Task
Give back, word for word, the lines in the listing below from the one holding "Konro is an" down to the one holding "For examining the right", both ends included.
══ Data supplied ══
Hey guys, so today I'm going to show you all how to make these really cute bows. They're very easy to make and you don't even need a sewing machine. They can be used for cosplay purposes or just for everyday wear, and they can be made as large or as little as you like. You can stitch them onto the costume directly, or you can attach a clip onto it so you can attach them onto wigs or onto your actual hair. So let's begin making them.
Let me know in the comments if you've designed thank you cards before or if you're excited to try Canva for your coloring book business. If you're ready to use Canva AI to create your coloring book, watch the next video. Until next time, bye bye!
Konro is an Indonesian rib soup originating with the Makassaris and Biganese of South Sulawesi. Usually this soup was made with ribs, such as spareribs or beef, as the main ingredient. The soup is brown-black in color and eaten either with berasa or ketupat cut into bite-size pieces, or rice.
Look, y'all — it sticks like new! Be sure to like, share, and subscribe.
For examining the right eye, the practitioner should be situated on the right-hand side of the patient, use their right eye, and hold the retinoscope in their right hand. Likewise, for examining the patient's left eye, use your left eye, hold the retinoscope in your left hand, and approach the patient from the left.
═══
══ Data supplied ══
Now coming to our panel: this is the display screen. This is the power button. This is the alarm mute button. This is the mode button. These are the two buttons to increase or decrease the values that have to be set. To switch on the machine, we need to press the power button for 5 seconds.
═══
Exercise solution
Konro is an Indonesian rib soup originating with the Makassaris and Biganese of South Sulawesi. Usually this soup was made with ribs, such as spareribs or beef, as the main ingredient. The soup is brown-black in color and eaten either with berasa or ketupat cut into bite-size pieces, or rice.
Look, y'all — it sticks like new! Be sure to like, share, and subscribe.
For examining the right eye, the practitioner should be situated on the right-hand side of the patient, use their right eye, and hold the retinoscope in their right hand. Likewise, for examining the patient's left eye, use your left eye, hold the retinoscope in your left hand, and approach the patient from the left.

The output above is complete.